Sentiment Analysis involves capturing the viewpoint or opinion expressed by the people on various objects. These objects are diverse set of things like a movie, an article, a person of interest, a product, basically anything on which we can opine about. The opinions that are expressed can take different forms, like a review of a movie, feedback on a product, an article in a newspaper expressing the sentiment of the author on the given topic or even a Wikipedia page on a person. The key challenge of sentiment analysis is to classify the underlying text to the correct class i.e., positive, negative or neutral. Sentiment analysis also deals with the computational treatment of opinion, sentiment and the subjectivity in a text. 
Wikipedia provides a large repository of pages of people around the world. This project conducts large scale experiment using one of the popular sentiment analysis tools, which is modeled on an enhanced version of Naïve Bayes. Here a sentence by sentence sentiment analysis is done for each biographical page retrieved from Wikipedia. The overall sentiment of a person is then calculated by taking an average of every sentiment value of all the sentences related to that particular person. There are advantages of doing this type of analysis. First, the results obtained are better calibrated on a decimal scale which provides a clearer distinction about the sentiment value associated with the individual as compared to the standard result provided by the tool which is based on tri-scale i.e., positive, negative and neutral. Second, this will allow us to understand statistically the viewpoint of Wikipedia on those people. Finally, this project enables us to perform large-scale temporal and geographical analysis, e.g., examine the overall sentiment associated with the people of each state, and thus helping us to analyze the opinion trend. 


XIAOMENG SU

A comparison of the Quality of Rule Induction from Inconsistent Data sets and Incomplete Data Sets

When & Where:


246 Nichols Hall

Committee Members:

Jerzy Grzymala-Busse, Chair
Prasad Kulkarni
Zongbo Wang


Abstract

In data mining, decision rules inducted from known examples are used to classify unseen cases.
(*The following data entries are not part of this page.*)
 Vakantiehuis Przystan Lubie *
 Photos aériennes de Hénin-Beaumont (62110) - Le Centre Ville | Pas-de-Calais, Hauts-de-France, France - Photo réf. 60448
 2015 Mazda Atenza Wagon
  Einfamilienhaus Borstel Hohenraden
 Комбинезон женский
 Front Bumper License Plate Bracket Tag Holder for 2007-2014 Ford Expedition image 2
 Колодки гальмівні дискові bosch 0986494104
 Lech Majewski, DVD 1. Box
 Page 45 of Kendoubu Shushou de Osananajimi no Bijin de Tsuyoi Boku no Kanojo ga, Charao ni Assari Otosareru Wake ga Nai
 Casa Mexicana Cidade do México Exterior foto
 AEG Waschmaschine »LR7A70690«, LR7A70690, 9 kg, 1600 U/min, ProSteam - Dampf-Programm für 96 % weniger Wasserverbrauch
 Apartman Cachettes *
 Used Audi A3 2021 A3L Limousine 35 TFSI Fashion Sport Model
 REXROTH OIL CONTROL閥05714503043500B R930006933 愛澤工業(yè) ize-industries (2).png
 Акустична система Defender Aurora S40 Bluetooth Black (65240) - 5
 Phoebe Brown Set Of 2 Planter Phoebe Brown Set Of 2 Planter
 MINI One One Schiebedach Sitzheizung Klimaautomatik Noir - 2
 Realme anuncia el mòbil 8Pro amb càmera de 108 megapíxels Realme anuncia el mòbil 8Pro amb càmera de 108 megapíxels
There are various rule induction algorithms, such as LEM1 (Learning from Examples Module version 1), LEM2 (Learning from Examples Module version 2) and MLEM2 (Modified Learning from Examples Module version 2). In the real world, many data sets are imperfect, either inconsistent or incomplete. The idea of lower and upper approximations, or more generally, the probabilistic approximation, provides an effective way to induct rules from inconsistent data sets and incomplete data sets. But the accuracy of rule sets inducted from imperfect data sets are expected to be lower. The objective of this project is to investigate which kind of imperfect data sets (inconsistent or incomplete) is worse in terms of the quality of inducted rule set. In this project, experiments were conducted on eight inconsistent data sets and eight incomplete data sets with lost values. We implemented the MLEM2 algorithm to induct certain and possible rules from inconsistent data sets, and implemented the local probabilistic version of MLEM2 algorithm to induct certain and possible rules from incomplete data sets. A program called Rule Checker was also developed to classify unseen cases with inducted rules and measure the classification error rate. Ten-cross fold validation was carried out and the average error rate was used as the criteria for comparison. The Mann-Whitney nonparametric test was performed to compare, separately for certain and possible rules, incompleteness with inconsistency. The results show that there is no significant difference between inconsistent and incomplete data sets in terms of the quality of rule induction.